The main opposition Democratic Party of Korea suffered a crushing defeat in the local elections.
The ruling People Power Party won by a landslide in the race for 17 metropolitan mayors and provincial governors, which was the highlight of the June 1 local polls. The conservative People Power Party took 12 constituencies including Seoul, while the liberal Democratic Party won in five regions, four of them being traditionally supportive of the party.
In the first nationwide poll held 22 days after the launch of the administration of President Yoon Suk-yeol and 84 days after the March 9 presidential election, voters cast ballots for the government party which signaled that the new administration should be able to conduct state affairs stably.
The People Power Party’s overwhelming victory will give momentum to the Yoon government. It will accelerate his reform drive to rectify the failed policies of the previous Moon Jae-in administration.
The Democratic Party’s election loss was expected to some extent. After losing the presidential election, it vowed to reflect and innovate. But it pushed through bills that would strip the prosecution of its entire investigative authority. It was a move to block investigations into allegations involving Lee Jae-myung, the former Gyeonggi governor and former Democratic Party presidential candidate, and figures close to former President Moon Jae-in. There was no reflection.
Yoon’s popularity and Lee’s candidacy also contributed to the People Power Party’s sweeping win. People welcomed the opening of the presidential office Cheong Wa Dae to the public. Yoon answered questions from reporters before entering the new office building. It was a sight that the people had not seen before. These were fresh changes.
Lee was a risk to the Democratic Party. Not long after losing in the presidential election, he ran in the by-elections for one of seven seats in the National Assembly, held on the same day as the local elections. His candidacy raised suspicions that he was seeking a seat in the National Assembly to earn the lawmakers’ privilege of exemption from apprehension while the Assembly is in session.

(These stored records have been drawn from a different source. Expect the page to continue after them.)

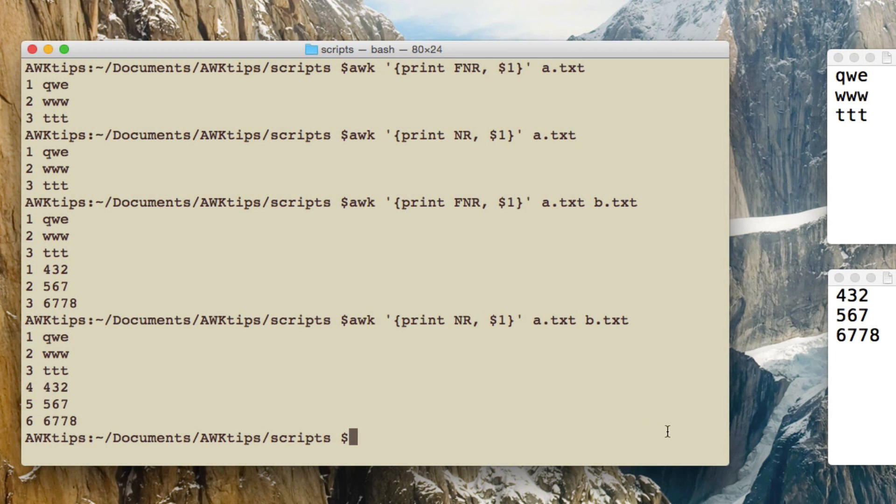So that's the difference. When you've got more than one file you can see the difference. Obviously with one file it's pretty much the same. So I hope that's helpful.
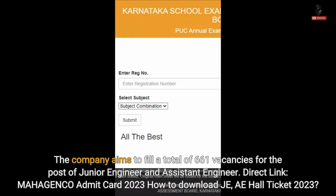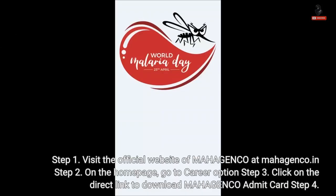Mahajanko Admit Card 2023 — How to Download J.A. Hall Ticket 2023? Step 1: Visit the official website of Mahajanko. Step 2: On the home page, go to Career Options.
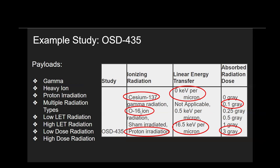If we look at the absorbed radiation dose column, we have 0.1 gray, which is low dose, all the way up to 3 gray, which is considered high-dose radiation. This may seem like a lot of payloads for just one study, but there are different characteristics to space radiation that researchers might want to access separately.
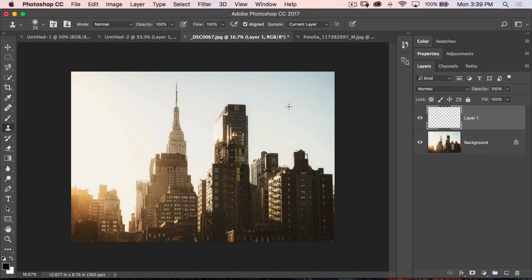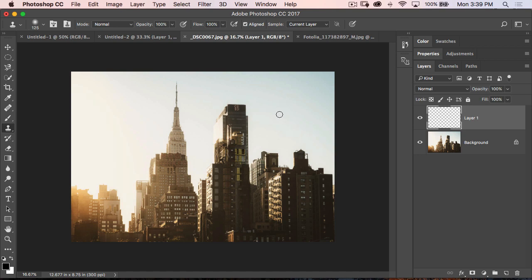And the way the clone stamp tool and the healing brush tool work is you hold down your option or alt key, you click to select or target an area, and then you're going to start painting. And you see here, nothing happens. Why does nothing happen? That is the tip.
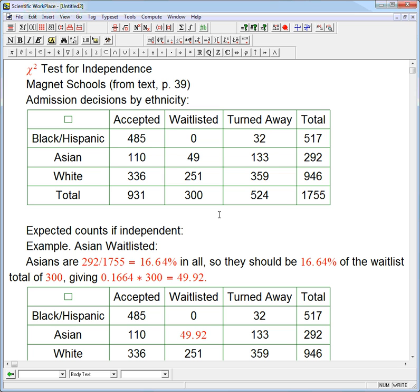This is from a contingency table from way back in chapter 3, page 39 of Bach, Bellman, and DeVoe — admissions decisions for magnet schools in Houston, by ethnicity. The students were either black/Hispanic (lumped into one group), Asian, or white, and the decisions were accepted, waitlisted, or turned away. We've got the marginal totals for all those, and those are going to be very useful for looking at our expected counts.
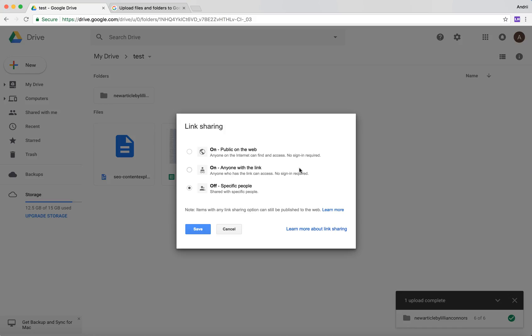Basically, you can share only with specific people, you can make this folder shareable with the link so everyone who has the link can access this folder.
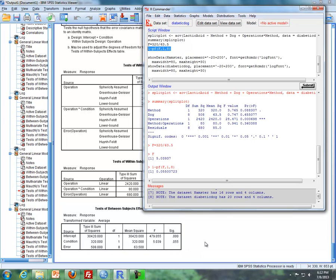So I just showed you with two different data sets how to do a split plot repeated measures design using both SPSS and R.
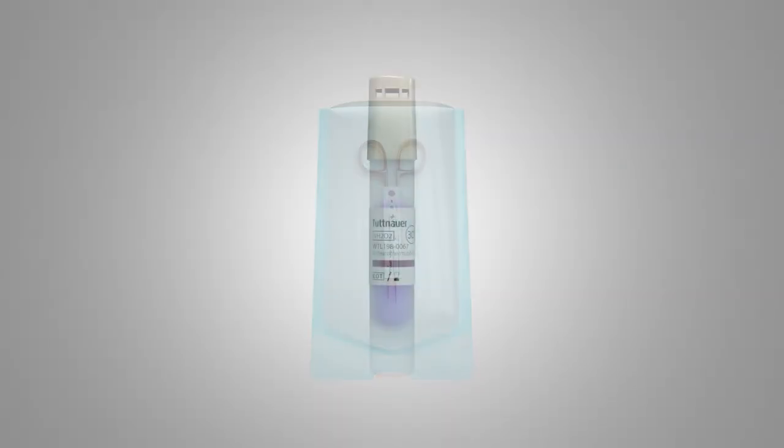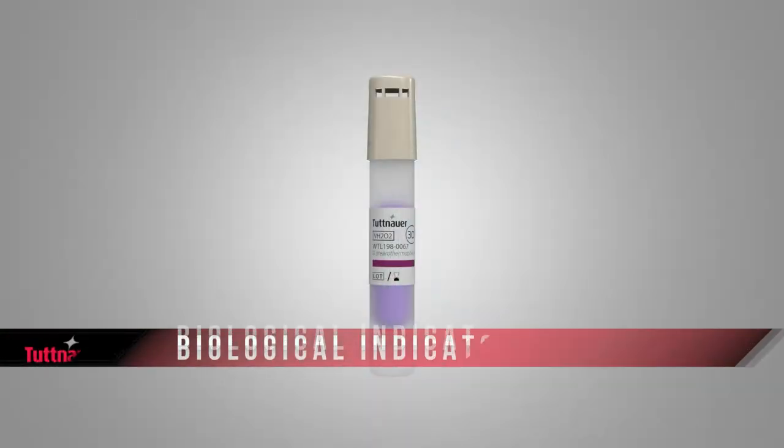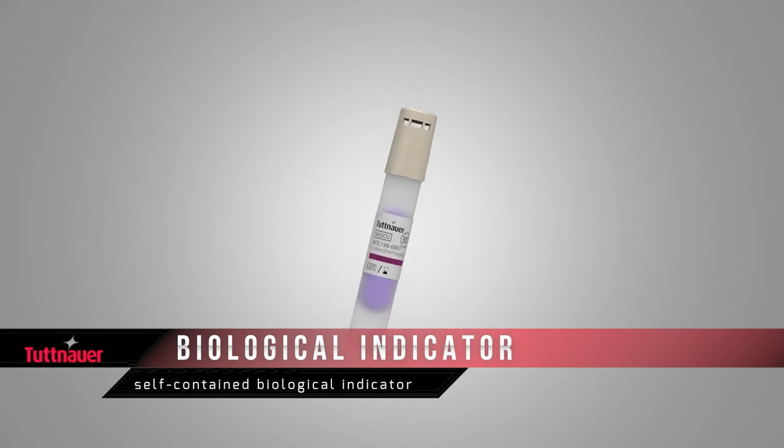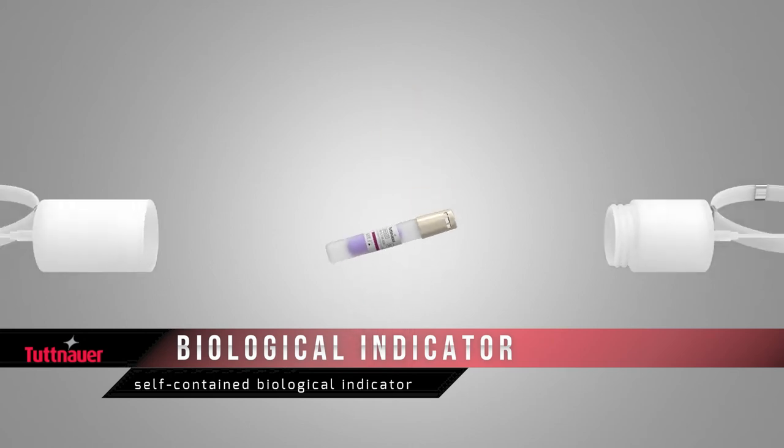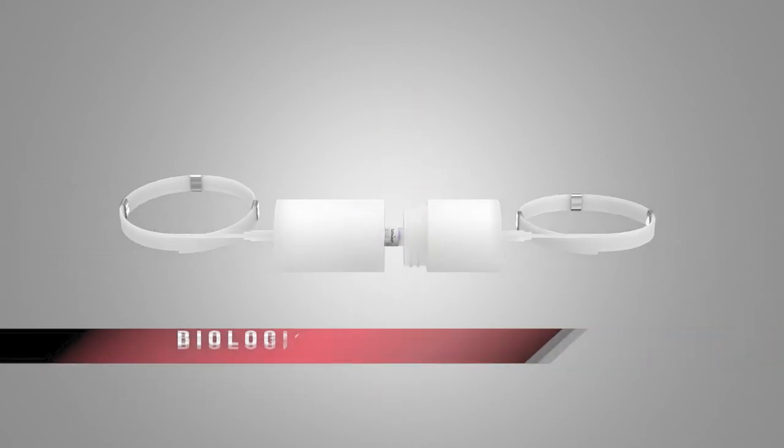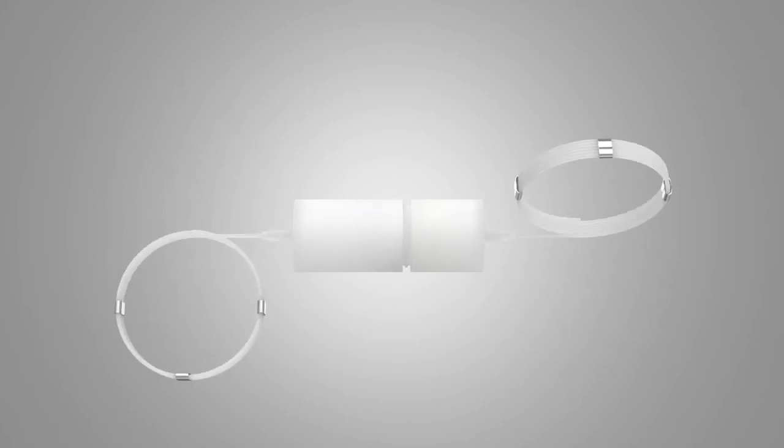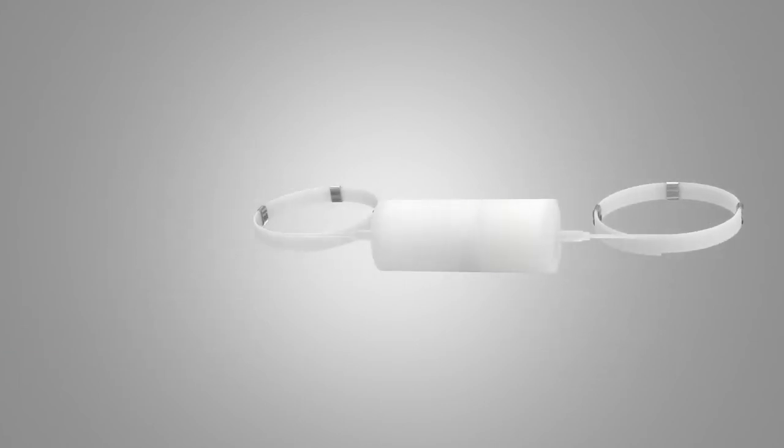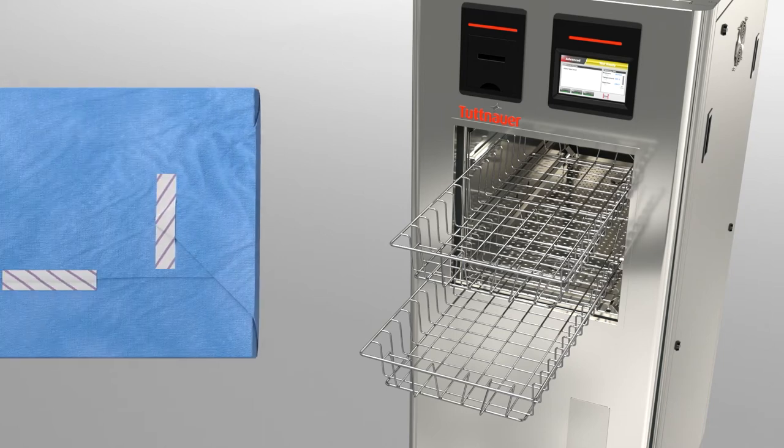Our self-contained super rapid biological indicator provides reliable results in record time and speeds up your workflow. The biological indicator is placed in the process challenge device.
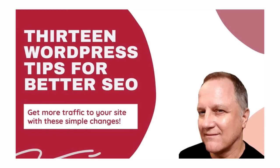WordPress is without doubt the best blogging platform for SEO, but there are still things you can do within WordPress to help your blog posts rank higher in Google. Hello everyone, I'm Rob Powell, and today I'm going to show you 13 tips for making your WordPress site even more SEO friendly.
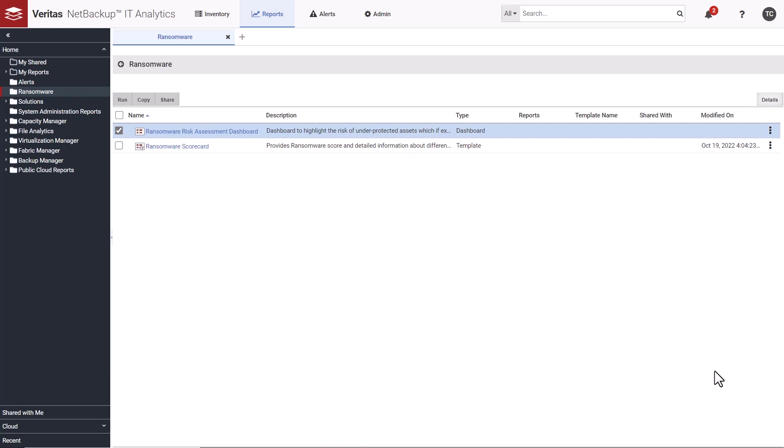This demonstration covers the NetBackup IT Analytics Ransomware Scorecard. The purpose of the scorecard is to measure your ransomware resilience and readiness in terms of data protection and recoverability. How well prepared are you to recover from a potential ransomware attack?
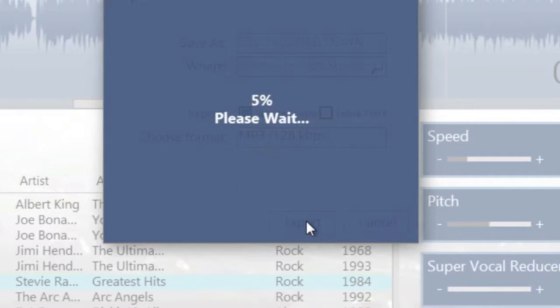So in just a few moments that'll be exported out as just that solo section that we looped and it'll be slowed down as well.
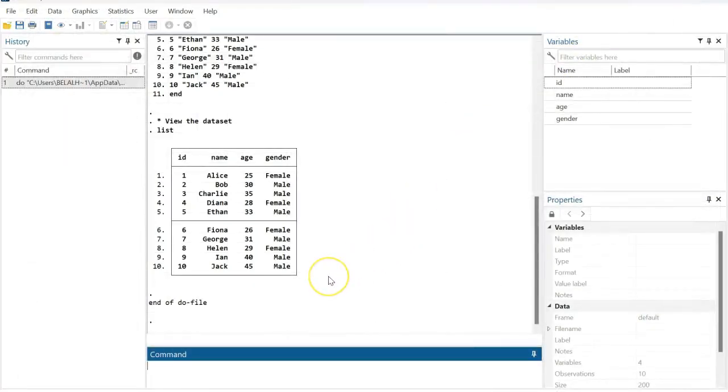So that's how you create your simple dataset in Stata. Thanks for watching. If you find this helpful, please subscribe to my channel.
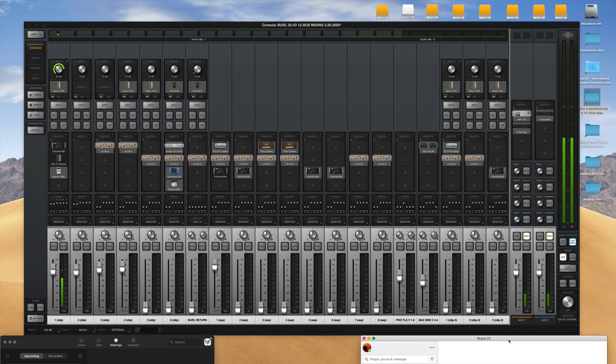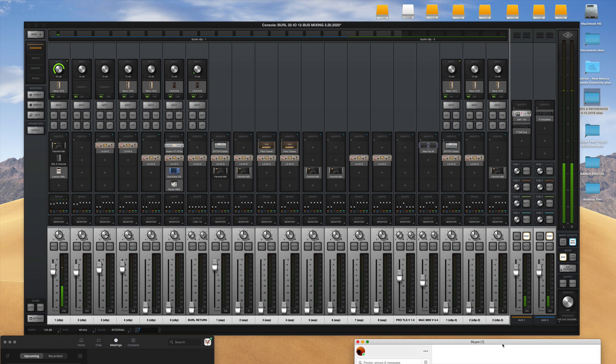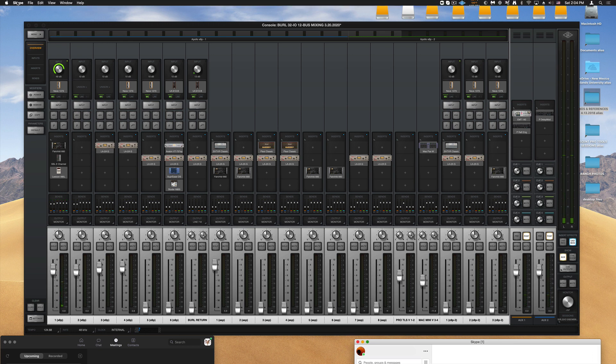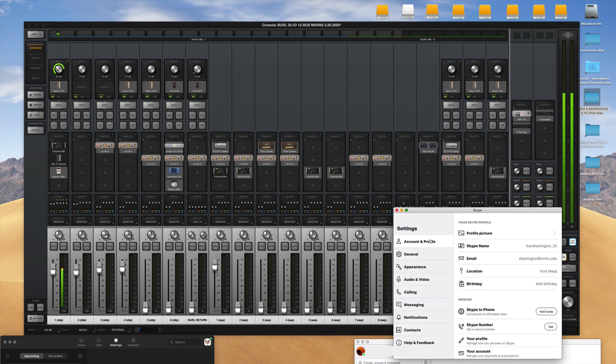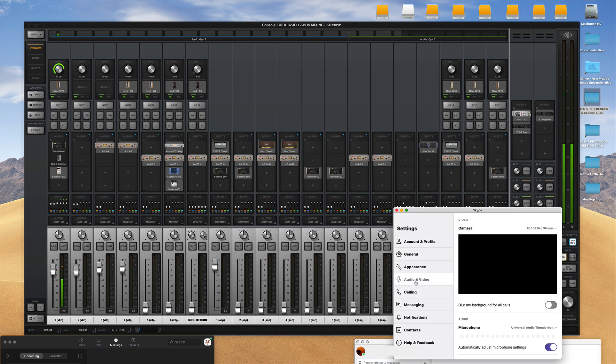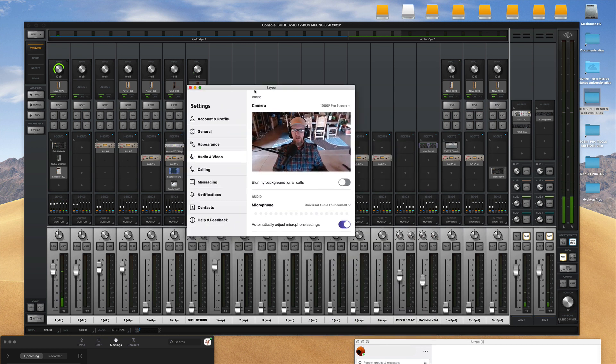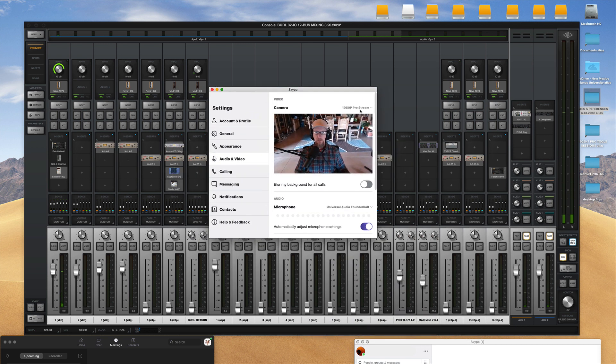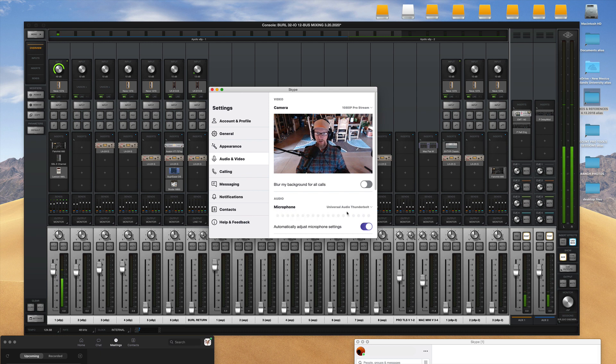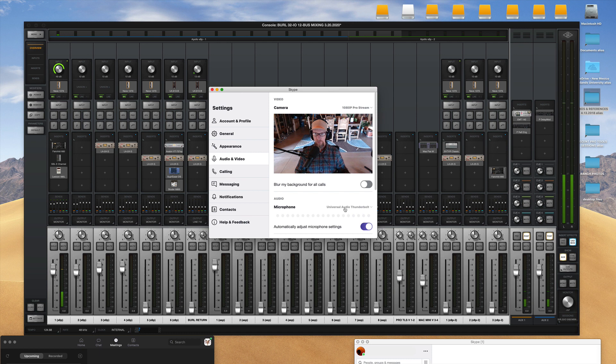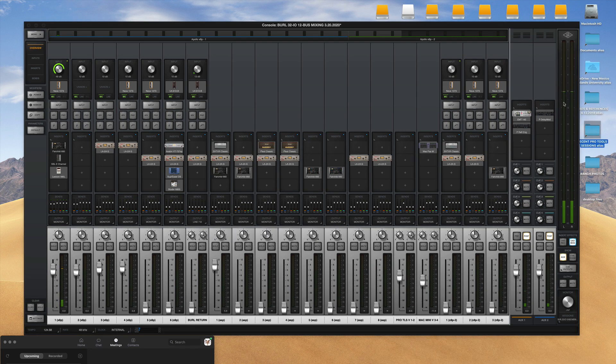And a very similar thing for Skype. If you open Skype and then select Skype preferences and audio and video settings. This is my camera which is on top of my screen and the microphone is set to Universal Audio Thunderbolt. So that should work very well.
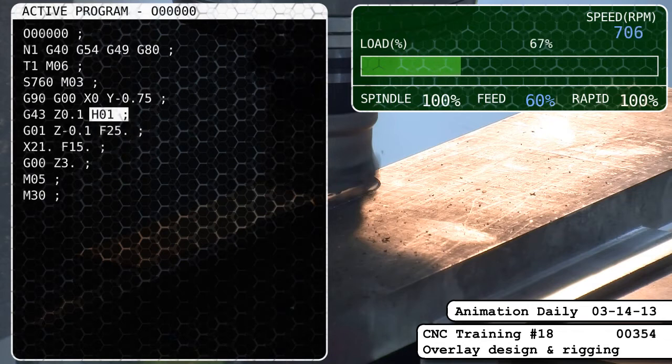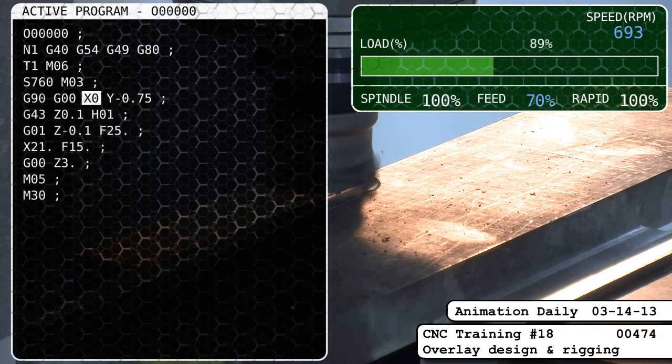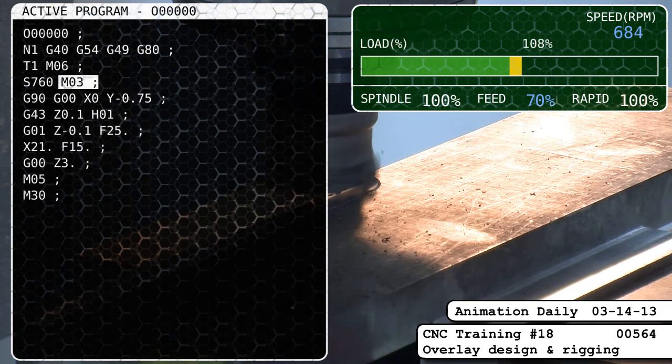I have moved on to CNC training number 18. We have to do a little load bar graphic and also the regular code highlight to explain what they're going to be doing.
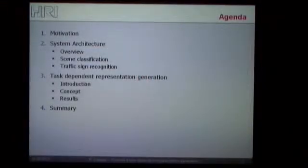So what will be the main outline of the talk for the next 15 to 20 minutes? First I will give a motivation for our approach, then I will give some global perspective on our system architecture, also some short introduction to a few algorithms, and then we come to the main part of the talk: the task-dependent representation generation, where the concept and also some results are presented. And finally, I will conclude with a summary.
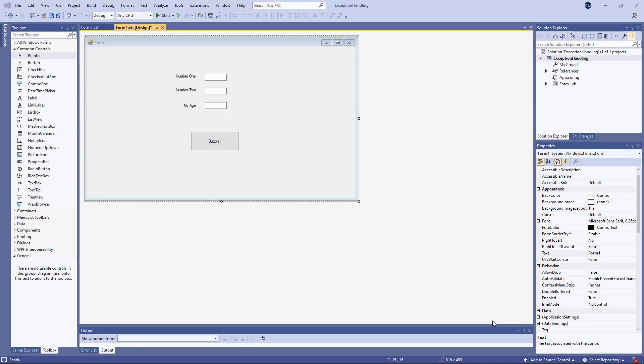There are three main types of error that you're going to come across as a programmer. One of them is the so-called syntax error. This means breaking the rules of the language.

Though he served as Seongnam mayor, he did not run in a constituency of Seongnam, but in a constituency called Gyeyang-gu in Incheon. He has no connections there at all, but it is regarded as a long-standing Democratic Party district. His election pledge to relocate Gimpo International Airport to develop Gyeyang-gu and surrounding areas caused controversy, adversely affecting the election campaigns of other Democratic Party candidates.
Lee won, but his party lost. He was chair of the election committee in charge of supporting all of its candidates’ campaigns. He cannot but take responsibility for losses in other election districts.
He has earned exemption with his victory in Gyeyang-gu, but it would be hard to avoid investigations over allegations about a corruption-ridden land development project, the misuse of government credit cards and other scandals from his past. The prosecution and police are investigating.
Sexual misconduct scandals involving Democratic Party lawmakers Choe Kang-wook and Park Wan-joo and absurd remarks by their colleague lawmaker Kim Nam-kuk and Choe during the nomination hearing of Justice Minister nominee Han Dong-hoon invited criticism of the Democratic Party.
The Democratic Party took a sweeping victory in the general elections two years ago, then lost two successive elections. Why did this happen to the party? Popular sentiment did not change abruptly. Support for the party was already long gone.
Voters got sick of the hypocrisy, divisiveness and stubbornness of the past five years. Among others, the party’s legislation dictatorship after it won the general elections infuriated many voters.
Voters chose stability of state affairs by casting ballots for the People Power Party, and yet the Democratic Party still dominates the National Assembly. This situation remains unchanged.
The Democratic Party must ponder why the public turned its back on it in the presidential and local elections. It must stop legislating bills autocratically. If it shows a mature and reasonable attitude to the new government’s reform drive while criticizing it, people will support it again.